[Data provided Boundary: Start]

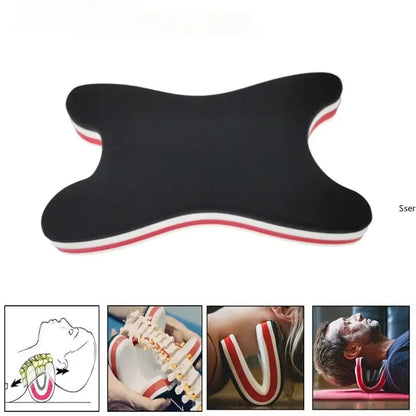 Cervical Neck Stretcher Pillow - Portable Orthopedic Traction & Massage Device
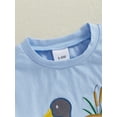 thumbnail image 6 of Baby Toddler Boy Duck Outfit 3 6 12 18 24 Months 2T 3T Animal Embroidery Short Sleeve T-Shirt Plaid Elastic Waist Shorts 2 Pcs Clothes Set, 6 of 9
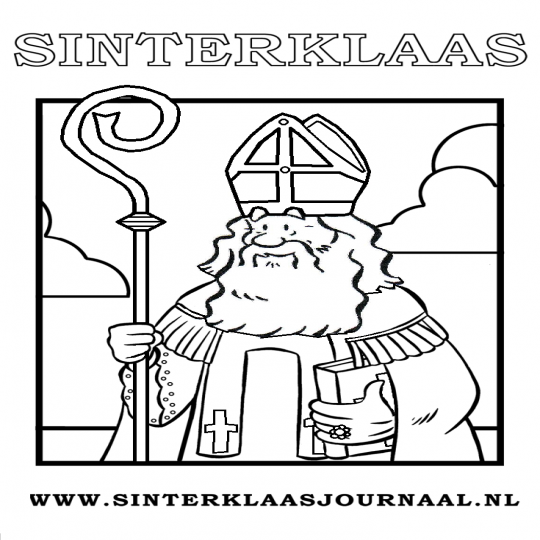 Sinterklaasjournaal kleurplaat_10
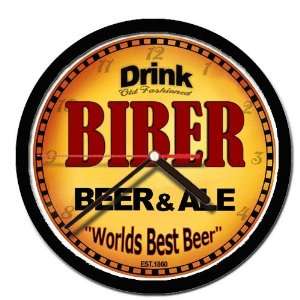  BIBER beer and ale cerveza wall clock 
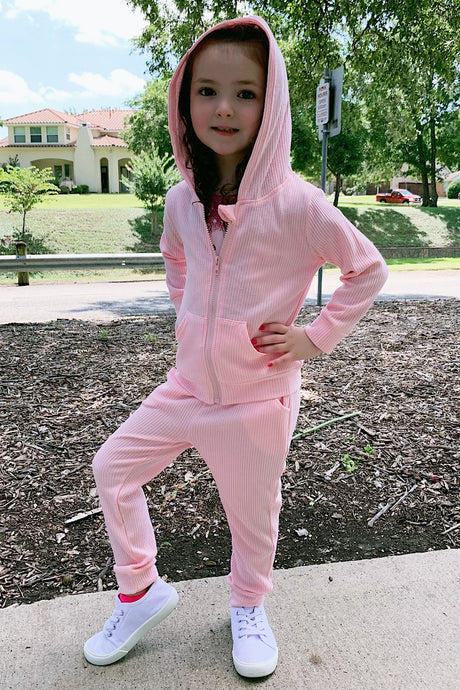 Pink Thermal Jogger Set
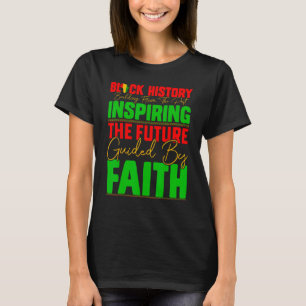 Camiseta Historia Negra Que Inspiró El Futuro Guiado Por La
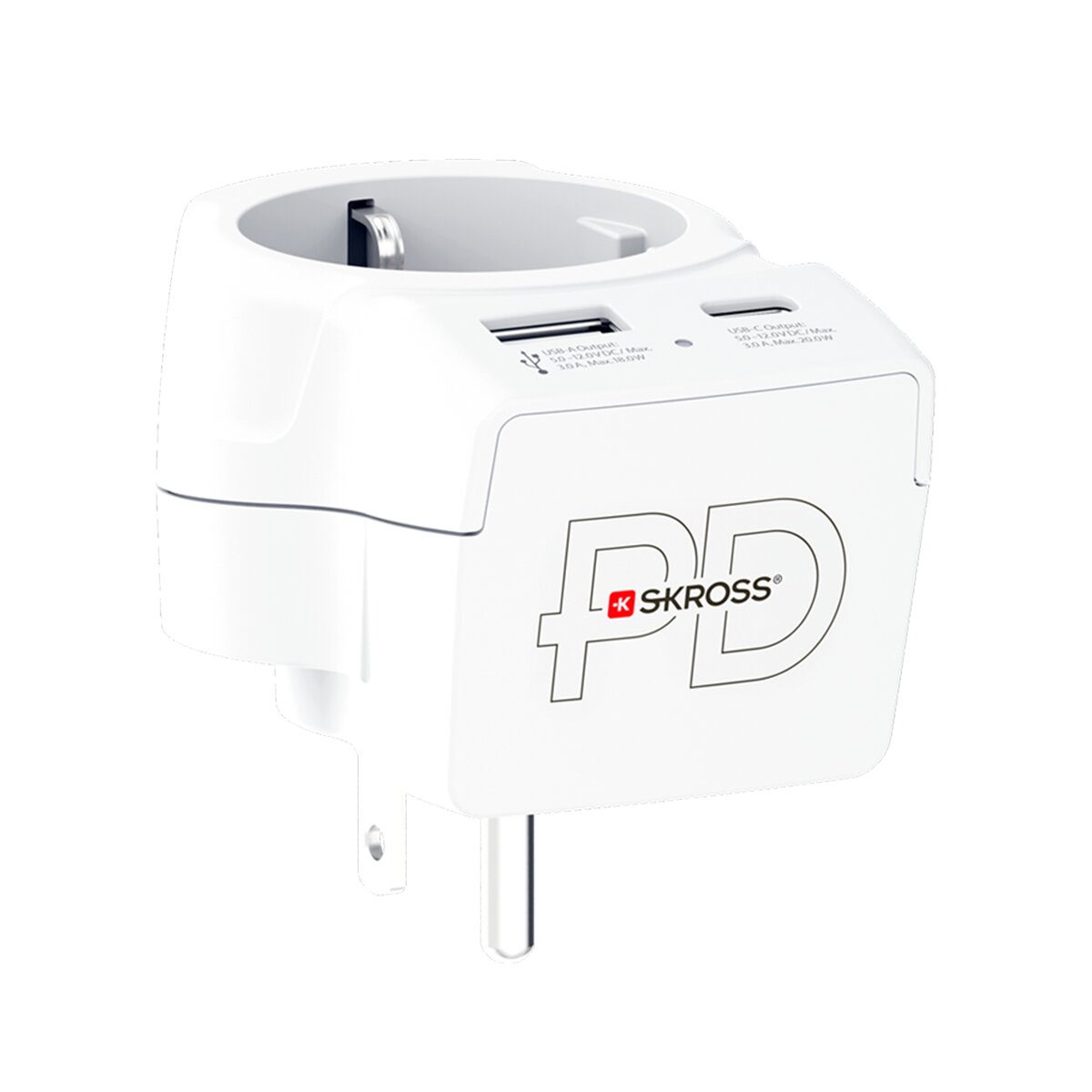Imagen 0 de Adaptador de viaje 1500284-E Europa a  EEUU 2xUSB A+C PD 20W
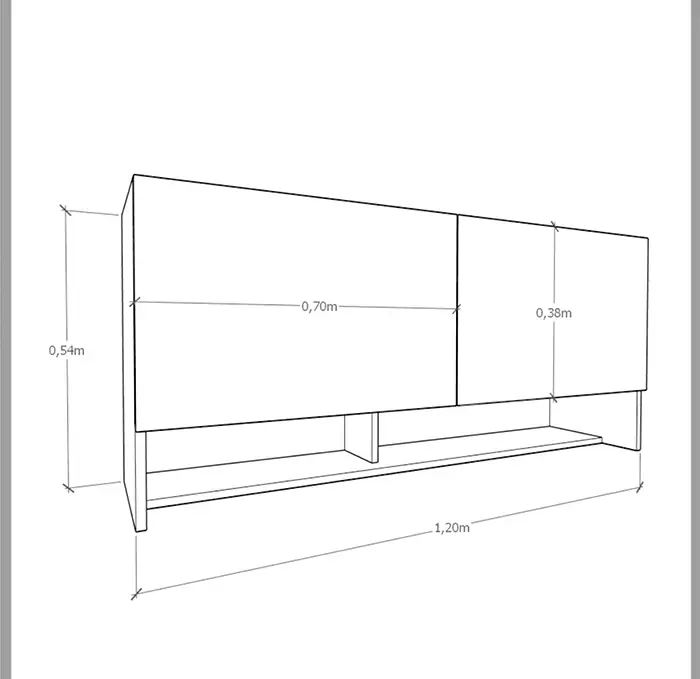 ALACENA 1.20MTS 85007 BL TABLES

[Data provided Boundary: End]

_What the task asks:_
Beginning at the line that contains "Sinterklaasjournaal kleurplaat_10", retype each line of the data above through the very last one. Do not retype the pictures.

_Written reply:_
 Sinterklaasjournaal kleurplaat_10
  BIBER beer and ale cerveza wall clock 
 Pink Thermal Jogger Set
 Camiseta Historia Negra Que Inspiró El Futuro Guiado Por La
Imagen 0 de Adaptador de viaje 1500284-E Europa a  EEUU 2xUSB A+C PD 20W
 ALACENA 1.20MTS 85007 BL TABLES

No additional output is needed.